We will now review some of the recent content regarding orthonormal vectors.

- Recall from the Orthonormal Bases of Vector Spaces page that if $V$ is a finite-dimensional inner product space then an
**Orthonormal Basis**of $V$ is a basis $\{ e_1, e_2, ..., e_n \}$ such that $<e_i, e_j> = 0$ for all $i, j = 1, 2, ..., n$, $i \neq j$ and $<e_i, e_i> = 1$ for all $i = 1, 2, ..., n$ - the first condition giving us orthogonality of the vectors and the second condition giving us unit (normal) vectors.

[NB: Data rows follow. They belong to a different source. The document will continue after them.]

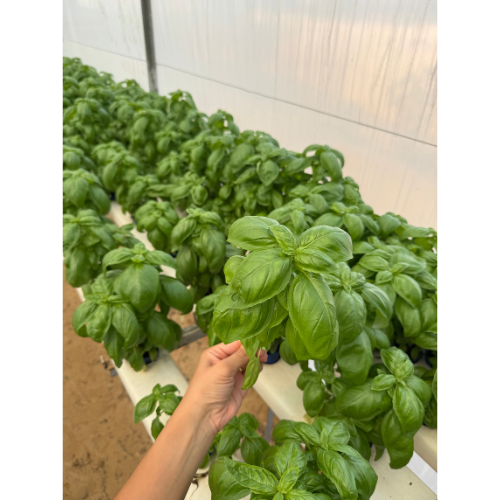Italian Basil Leaves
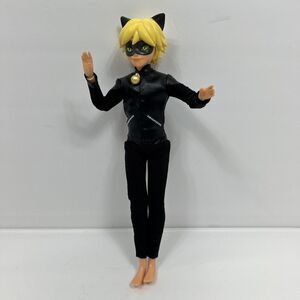 Miraculous Cat Noir 2020 Zagtoon Playmates Articulate Action Figure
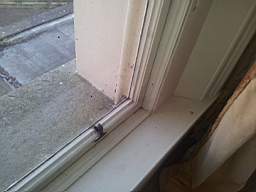 fkillineybeforeinternal 1435.jpg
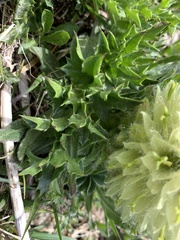 Campanula thyrsoides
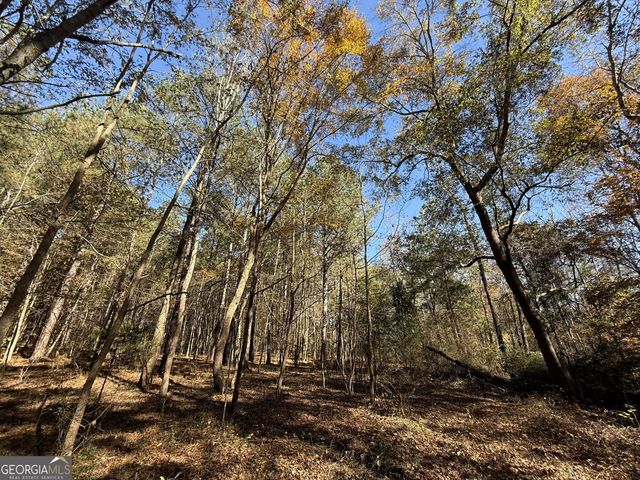 1 Lem Edwards Road, Colbert, GA 30628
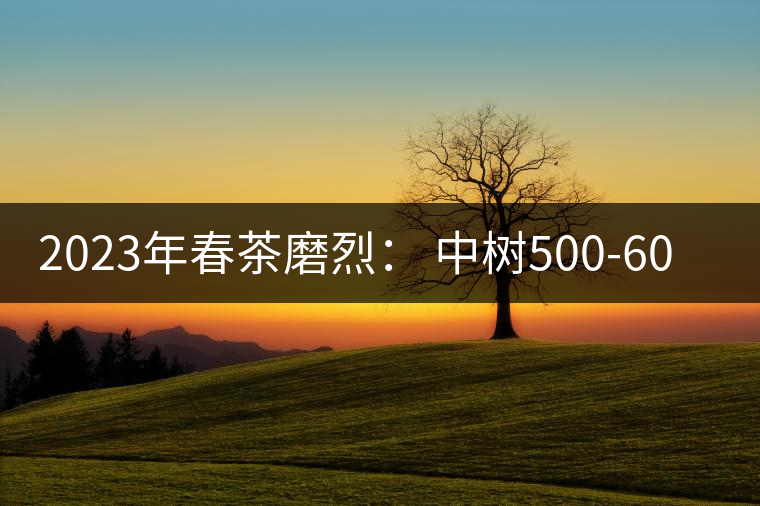2023年春茶磨烈： 中樹500-600元／公斤，古樹混采：2200-2600元／公斤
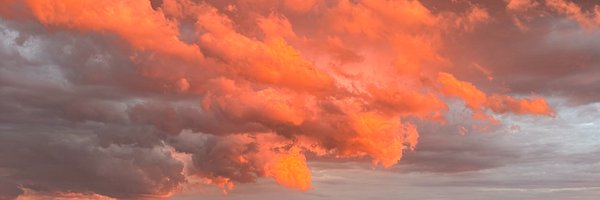 samuelgil Profile Banner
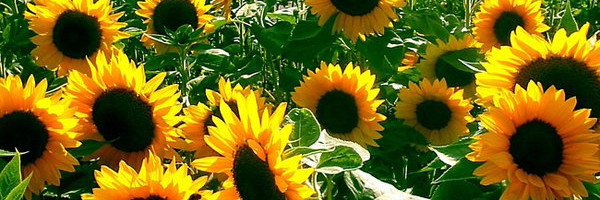 PoleVik 🇺🇦 banner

- We then look at a very important proposition regarding orthonormal vectors which said that if $V$ is a finite-dimensional vector space over $\mathbb{R}$ or $\mathbb{C}$ and $\{ e_1, e_2, ..., e_n \}$ is an orthonormal basis of $V$ then the norm squared of any vector $v = a_1e_1 + a_2e_2 + ... + a_ne_n$ in $V$ is given by:

\begin{align} \quad \| a_1e_1 + a_2e_2 + ... + a_ne_n \|^2 = \mid a_1 \mid^2 + \mid a_2 \mid^2 + ... + \mid a_n \mid^2 \end{align}

- We also obtained the nice property that if $\{ e_1, e_2, ..., e_n \}$ is an orthonormal set of vectors in $V$ then $\{ e_1, e_2, ..., e_n \}$ is a linearly independent set.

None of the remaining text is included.